Rehabilitation der Hexen: Erst erdrosselt, dann verbrannt

Walpurgisnacht, die Hexen tanzen? In Köln tagt ein Ausschuss zur Rehabilitation von Opfern der Hexenverfolgung. Nur der Erzbischof will sich nicht entschuldigen.

Hex, hex – oder nur der Neid auf Frauen in Männerdomänen? Bild: dpa

Wäre eine Frau namens Katharina Henot vor 400 Jahren nicht auf dem Scheiterhaufen gelandet, Familie Hirtz könnte heute berühmt sein, sie könnte gar ein bekanntes Adelsgeschlecht sein wie die von Thurn und Taxis – wer weiß das schon?

„Dann würden wir in einem Schloss leben, meine Frau hieße Gloria und würde Partys geben“, sagt Hirtz und lacht ein listiges Lachen. Der Mann ist fast achtzig und führt ein Familienunternehmen, das medizintechnische Geräte herstellt.

Was die Hexenverfolgung mit seiner Familie und nebenbei auch mit den Thurn und Taxis zu tun hat, das erzählt der alte Herr in den Räumen seiner Firma in der Kölner Südstadt. Das ganz in Brauntönen gehaltene Interieur samt verklinkerten Wänden und bauchigen Lampen stammt aus den sechziger Jahren, sogar die Mülleimer auf der Toilette sind original.
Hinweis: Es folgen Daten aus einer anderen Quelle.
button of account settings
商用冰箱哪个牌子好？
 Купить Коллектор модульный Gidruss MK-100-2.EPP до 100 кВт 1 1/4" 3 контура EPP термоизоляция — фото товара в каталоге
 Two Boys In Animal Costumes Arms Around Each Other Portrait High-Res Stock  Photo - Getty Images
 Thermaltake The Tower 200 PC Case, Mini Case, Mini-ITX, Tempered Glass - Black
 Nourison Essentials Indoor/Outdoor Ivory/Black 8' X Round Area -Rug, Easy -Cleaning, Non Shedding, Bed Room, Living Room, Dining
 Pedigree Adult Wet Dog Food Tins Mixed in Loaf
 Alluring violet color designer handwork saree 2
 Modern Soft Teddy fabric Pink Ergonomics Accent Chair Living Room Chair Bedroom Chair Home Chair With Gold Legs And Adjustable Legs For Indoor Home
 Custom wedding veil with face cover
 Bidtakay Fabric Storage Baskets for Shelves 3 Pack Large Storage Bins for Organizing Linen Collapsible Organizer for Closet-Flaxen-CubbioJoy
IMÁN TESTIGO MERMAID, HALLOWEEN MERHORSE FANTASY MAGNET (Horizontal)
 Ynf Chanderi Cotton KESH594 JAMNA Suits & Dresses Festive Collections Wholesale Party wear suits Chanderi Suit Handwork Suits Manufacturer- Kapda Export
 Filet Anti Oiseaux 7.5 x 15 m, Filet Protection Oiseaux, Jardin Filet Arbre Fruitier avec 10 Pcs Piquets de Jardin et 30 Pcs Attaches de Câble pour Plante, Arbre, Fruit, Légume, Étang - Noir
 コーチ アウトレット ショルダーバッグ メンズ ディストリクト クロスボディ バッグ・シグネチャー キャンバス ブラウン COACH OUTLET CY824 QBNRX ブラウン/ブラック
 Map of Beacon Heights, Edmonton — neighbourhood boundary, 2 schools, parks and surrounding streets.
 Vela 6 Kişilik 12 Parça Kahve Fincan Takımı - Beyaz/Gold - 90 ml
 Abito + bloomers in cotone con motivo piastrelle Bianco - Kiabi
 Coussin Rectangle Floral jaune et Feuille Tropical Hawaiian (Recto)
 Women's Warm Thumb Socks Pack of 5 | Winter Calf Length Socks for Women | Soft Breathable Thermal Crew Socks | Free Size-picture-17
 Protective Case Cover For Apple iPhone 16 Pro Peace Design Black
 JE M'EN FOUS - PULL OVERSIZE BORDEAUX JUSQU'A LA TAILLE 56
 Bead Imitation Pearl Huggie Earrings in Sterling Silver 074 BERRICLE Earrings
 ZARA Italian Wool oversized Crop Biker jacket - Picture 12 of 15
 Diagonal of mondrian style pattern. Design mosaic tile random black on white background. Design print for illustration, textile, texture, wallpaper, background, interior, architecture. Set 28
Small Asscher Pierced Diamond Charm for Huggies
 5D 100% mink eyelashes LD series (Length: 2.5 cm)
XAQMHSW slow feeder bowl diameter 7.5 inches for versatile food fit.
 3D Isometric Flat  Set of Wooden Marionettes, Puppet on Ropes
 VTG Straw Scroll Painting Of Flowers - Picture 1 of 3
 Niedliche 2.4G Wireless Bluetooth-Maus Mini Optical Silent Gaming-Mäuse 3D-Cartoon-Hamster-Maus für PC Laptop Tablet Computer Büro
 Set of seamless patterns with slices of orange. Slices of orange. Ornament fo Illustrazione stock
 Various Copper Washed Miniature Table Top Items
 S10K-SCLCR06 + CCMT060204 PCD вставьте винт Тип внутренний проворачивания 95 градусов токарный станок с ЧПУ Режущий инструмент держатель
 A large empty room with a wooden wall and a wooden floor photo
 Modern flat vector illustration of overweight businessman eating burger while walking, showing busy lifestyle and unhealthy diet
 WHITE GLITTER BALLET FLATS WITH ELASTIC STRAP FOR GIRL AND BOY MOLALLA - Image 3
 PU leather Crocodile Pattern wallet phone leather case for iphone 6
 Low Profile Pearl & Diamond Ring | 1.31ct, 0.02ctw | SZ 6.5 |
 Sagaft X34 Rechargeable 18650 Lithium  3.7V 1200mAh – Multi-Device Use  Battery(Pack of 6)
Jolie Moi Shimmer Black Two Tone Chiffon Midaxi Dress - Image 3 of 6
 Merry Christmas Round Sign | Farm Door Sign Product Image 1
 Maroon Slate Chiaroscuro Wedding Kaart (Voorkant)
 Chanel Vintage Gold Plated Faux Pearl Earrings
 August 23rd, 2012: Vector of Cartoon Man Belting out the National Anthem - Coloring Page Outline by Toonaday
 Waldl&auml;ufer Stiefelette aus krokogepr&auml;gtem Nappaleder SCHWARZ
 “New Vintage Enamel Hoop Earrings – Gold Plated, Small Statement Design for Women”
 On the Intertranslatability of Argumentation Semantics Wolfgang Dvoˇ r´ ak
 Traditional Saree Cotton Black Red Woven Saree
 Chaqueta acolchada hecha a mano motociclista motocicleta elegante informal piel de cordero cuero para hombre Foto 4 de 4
In diese Kulisse fügen sich Hirtz und seine Familie ein – Ehefrau, Tochter und Enkelsohn, alle arbeiten hier. In letzter Zeit wurde in der Stadt oft über sie geredet, geschrieben. Weil sie von einer Hexe abstammen.

Hanns-Joachim Hirtz ist Nachfahre von Katharina Henot in der 16. Generation. Seine Ahnin war eine Patrizierin, deren Vater Jakob die kaiserliche Postmeisterei betrieb. Die kaiserliche Lizenz war praktisch eine Garantie auf großen Reichtum. Indem sie Reisenden Pferde und Kutschen zur Verfügung stellten und ein Gasthaus führten, konnten Postmeister finanziell zweifach profitieren.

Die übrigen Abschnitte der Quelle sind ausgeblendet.